Однако со временем эта тактика стала оборачиваться против самого Громыко. В конце концов иностранные дипломаты сообразили, что если проявить достаточную выдержку, то можно заставить самого Громыко идти на уступки. Если переговоры очень затягивались, тут уж Громыко торопился поскорее подписать соглашение. Его охватывало опасение, что в последний момент партнер сыграет с ним злую шутку и откажется от уже достигнутого, и тогда придется отвечать за провал переговоров.
Громыко пунктуально выполнял инструкции, которые фактически сам себе составлял — члены политбюро просто утверждали написанное министром. Но даже инструкция всегда предусматривала возможность уступки, компромисса, чтобы получить уступку взамен. А Громыко патологически не любил переходить на запасную позицию. Хотя, не выходя за рамки инструкции, он мог согласиться на некие уступки. Так всегда делается. Добрынин рассказывал, как он предлагал Громыко:
— Андрей Андреевич, используйте запасную позицию. Я чувствую, что Киссинджер на нее согласится.
— Чувствовать мало, вы можете мне гарантировать, что он согласится?
Он без нужды затягивал дело и упускал возможность заключить соглашение на выгодных условиях, терял удобный момент. В Вашингтоне появлялся новый президент, и приходилось подписывать соглашение на куда менее выгодных условиях.

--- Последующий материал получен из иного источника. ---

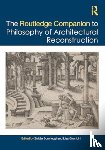  - The Routledge Companion to the Philosophy of Architectural Reconstruction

Иногда министр напускал на себя суровость и бескомпромиссность, боясь, что товарищи по политбюро обвинят его в слабости по отношению к классовым врагам. Иногда он зарывался, обещал Брежневу, что добьется большего, чем мог. Тогда переговоры едва не срывались, и уже самому Громыко приходилось чем-то серьезно жертвовать. «Загнанный (часто самим собой) в угол, — пишет Фалин, — он не считал зазорным жертвовать капитальными ценностями».
Ему не хватало гибкости. Торговаться — это правильно, но надо знать меру. Погнавшись за мелочами, можно упустить главное.
«Вопрос номер пять»
После Киссинджера госсекретарем стал Сайрус Вэнс — до этого заместитель министра обороны, полномочный представитель по улаживанию внутренних и внешних кризисов в администрации президента Линдона Джонсона.
— Мне, — вспоминает Добрынин, — пришлось провести около восьмидесяти встреч по берлинским делам с госсекретарем Вэнсом. Каждый из нас упорно повторял одно и то же, как заезженная пластинка, потому что все аргументы были исчерпаны.
И Сайрус Вэнс как-то сказал:
— Давай сделаем так. Когда ты приходишь по берлинским делам, то говоришь, что начинаешь беседу, скажем, с вопроса, известного нам под номером пять. Я ссылаюсь на ответ номер восемь. После этого мы пьем виски и расходимся. Ты возвращаешься в посольство, все вопросы и ответы у тебя есть, и ты пишешь в Москву отчет о беседе, а я в том же духе докладываю президенту…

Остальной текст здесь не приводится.